Dopo altri interminabili minuti di umida pioggia sonora riusciamo a vedere di fretta le piscine (anche se di acqua non ne vorrei proprio sentir parlare) ed uscire prima che chiuda tutto. L’uomo del parcheggio è ancora lì ad aspettarci. Quando gli chiedo quanto gli devo lui risponde: “Just cigarettes”. Lorenzo tira fuori il pacchetto intonso di kretek ma l’uomo rettifica: “No, money for cigarettes”, il che significa almeno 13.000 rupie, di contro alle 2.000 di un parcheggio standard. Ci conveniva venire in taxi.
Evitando prudentemente un tizio che tenta di abbordarci per ‘accompagnarci’ (diantar), ce ne andiamo verso l’Asta Tinggi, il cimitero reale, a 3 Km dal centro cittadino (che per la nostra guida era: “So far”). Ci perdiamo quelle due o tre volte di repertorio tanto per non perdere l’abitudine e finiamo dritti, dritti davanti l’ingresso. Prima di poter accedere al camposanto, veniamo giustamente indirizzati verso il banco delle mance, non ne manchiamo una. Notiamo dal registro che le cifre si aggirano attorno alle 10.000-30.000 rupie. Gli lasciamo 20.000 per non fare torto a nessuno.
Lasciamo le scarpe sui gradini d’ingresso, come vuole l’usanza, in una selva di sandali e ciabatte, sperando di non dover tornare scalzi. Cominciamo a camminare a piedi nudi lungo i viali lastricati che percorrono il terreno cosparso di coloratissime tombe e attraversiamo i crocicchi di preghiera tra mille occhiate curiose. Dopo un po’ ci sentiamo di troppo e torniamo taciturni dall’uomo del parcheggio di turno. Torniamo quindi in città alla volta della quarta tappa: la moschea Masjid Jamik.

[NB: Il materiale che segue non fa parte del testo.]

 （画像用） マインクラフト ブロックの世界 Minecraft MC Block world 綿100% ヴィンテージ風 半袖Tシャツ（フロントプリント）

Stavolta sono preparata. Indosso una maglia lunga e un foulard che mi arrotolo in testa a forma di hijab alla meno peggio. Entriamo senza problemi, ovviamente ognuno dal rispettivo ingresso. Mi dirigo verso il lavatoio delle donne quasi inosservata, non c’è molta gente, ancora non è ora di preghiera. Mi lavo sette volte la faccia e i piedi, che poi sono le uniche parti non coperte del corpo, agli appositi rubinetti. Entro nell’ala delle donne e rimango abbastanza delusa: una brulla moquette beige, un mobiletto per stuoie e abiti di preghiera e uno scaffale di libri di preghiera. Tutto qui. Grazie alle foto di Lorenzo ho modo di ammirare invece la parte degli uomini, bella, ampia e ben decorata. Come al solito va meglio a lui.

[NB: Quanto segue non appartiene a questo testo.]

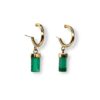 Rough Colombian emerald drop hoop earrings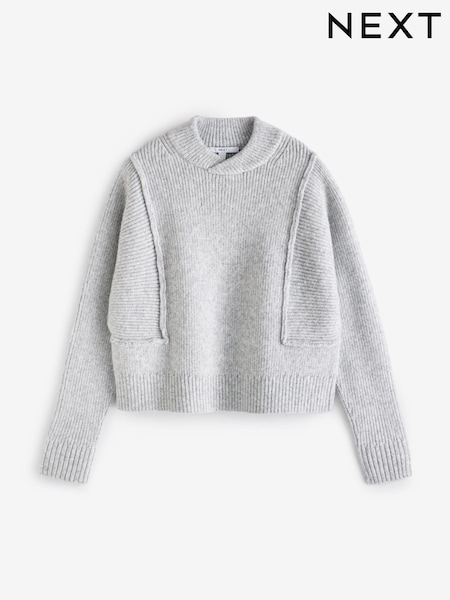 Grey Seam Detail Wrap Neck Rib Knitted Jumper (B41004) | AED111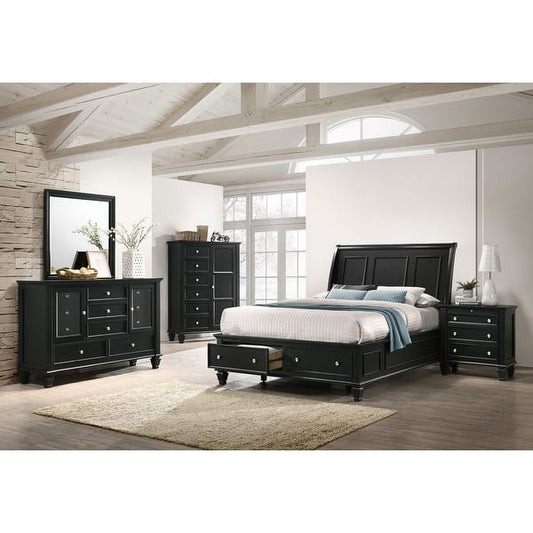 Sandy Beach 5-piece Storage Bedroom Set with Sleigh Headboard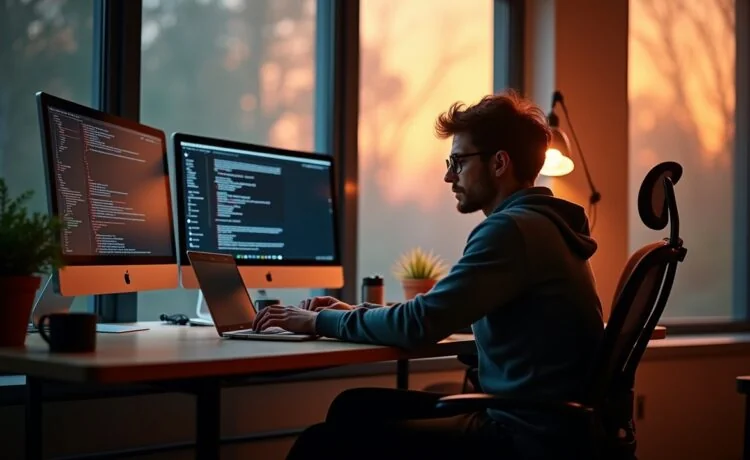 Eine warme, helle Büroszene mit einem konzentrierten Entwickler, der entspannt vor einem modernen Laptop sitzt, umgeben von einem zweiten Bildschirm, der parallel eine übersichtliche Git-GUI zeigt, während durch große Fenster sanftes Tageslicht den Raum flutet und die Balance zwischen Kommandozeile und grafischem Interface harmonisch betont.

Due ragazze alla mia sinistra si sistemano i veli e armeggiano con i cellulari. Altre signore cominciano lentamente a stendere i tappeti per la preghiera e ad indossare l’abito integrale, per poi intonare le preghiere. Dopo aver terminato la sequenza di genuflessioni si mettono a leggere in silenzio i libri scritti in alfabeto arabo. Ne arrivano sempre di più, segno che sta per iniziare la preghiera. In effetti il richiamo dell’imam erompe dagli altoparlanti in men che non si dica ed il grande tamburo batte i tre colpi. Intuisco presto che non ho un velo integrale e non ho idea di come si preghi.
La donna alla mia destra rompe il ghiaccio chiedendomi da dove vengo e se sono qui da sola. Dico che ‘mio marito’ è nella parte degli uomini e realizzo che ho appena detto una bugia in un luogo sacro. Mi chiede se sono musulmana. Non me la sento di mentire di nuovo e balbetto qualcosa di confuso che suona come una negazione. In quel momento intravedo Lorenzo uscire nel cortile principale e mi defilo nel modo più educato che riesco a raffazzonare.

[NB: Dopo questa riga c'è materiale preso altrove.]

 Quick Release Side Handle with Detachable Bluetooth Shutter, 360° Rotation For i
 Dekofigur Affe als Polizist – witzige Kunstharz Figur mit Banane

Mentre usciamo incrociamo un enorme flusso di fedeli controcorrente che si appresta a prendere parte alla preghiera. Per la maggior parte sono coppie in motorino o a piedi, gli uomini in sarung a scacchi, camicia che ricorda un caffetano arabo e copricapo islamico, le donne con lunghi vestiti velati dai colori pastello. Una donna si ferma per stringermi la mano e farmi un augurio: “Selamat, enjoy!”.
All’ora del tramonto, dopo la preghiera pomeridiana, l’Alun Alun (la piazza principale), inizia a riempirsi di giostrine colorate a forma di Teletubbies, pittoresche riproduzioni a pedali delle carrozze alate del kraton piene di lucine e scrosci acustici di Julia Perez e Juwita Bahar. In cerca di un posto dove consumare la cena, ci ritroviamo alla Rumah Makan Augustus 17 (un omaggio all’anniversario dell’indipendenza indonesiana). Ordiniamo un riso fritto con carne di capra e una zuppa di riso con carne e patate. Metà del locale è adibita alla vendita di krupuk (crackers fritti) di ogni tipo. Chiedo al proprietario quali siano i migliori per accompagnare la zuppa, ma dato che mi sembra di averlo messo non poco in difficoltà li scelgo da sola. Ne prendo un pacco all’aglio che scoprirò a mie spese sapere solo di aglio.
Un anziano signore che ha tutta l’aria di essere un cliente abituale entra nella taverna, prende una bottiglietta d’acqua e si mette a sedere tutto solo ad un tavolo. Poco dopo la ibu gli porta un piatto di nasi campur (‘riso misto’, che è sempre una sorpresa). Lui si mette a mangiare a testa bassa senza scambiare una sola parola. Altre persone cominciano ad affluire, è evidentemente terminata la preghiera. Una famiglia di quattro persone – padre, madre e due figlie – siede poco distante da noi. La madre e le figlie hanno hijab coordinati ai vestiti in colori sgargianti dal blu al fuxia. È un po’ come andare alla messa della domenica, penso, ma ogni giorno.
Dopo mangiato torniamo a riposarci in vista della ripartenza del giorno successivo. Chiediamo al receptionist se sappia qualcosa circa le corse dei tori. Pare le abbiano già fatte la settimana scorsa e non sa quando le rifaranno. Noi arriviamo sempre con un tempismo perfetto. Chiedo se gentilmente, domani mattina alle 6.00, invece di portarci il solito riso fritto piccante con pollo e l’apocalisse dentro può portarci semplicemente un po’ di riso bianco con la salsa manis (soia dolce e noccioline) per venire incontro ai nostri stomaci italiani. Mi dice di sì, non senza farsi una risata, e mi chiede il numero della camera. “La 11”, rispondo. Lo vedo perplesso: “Ma è occupata…”. Mi prende un colpo. Mi sporgo dal bancone per gettare un’occhiata al registro e lo guardo con faccia perplessa: “Si… da noi”. E buonanotte ai suona-tori.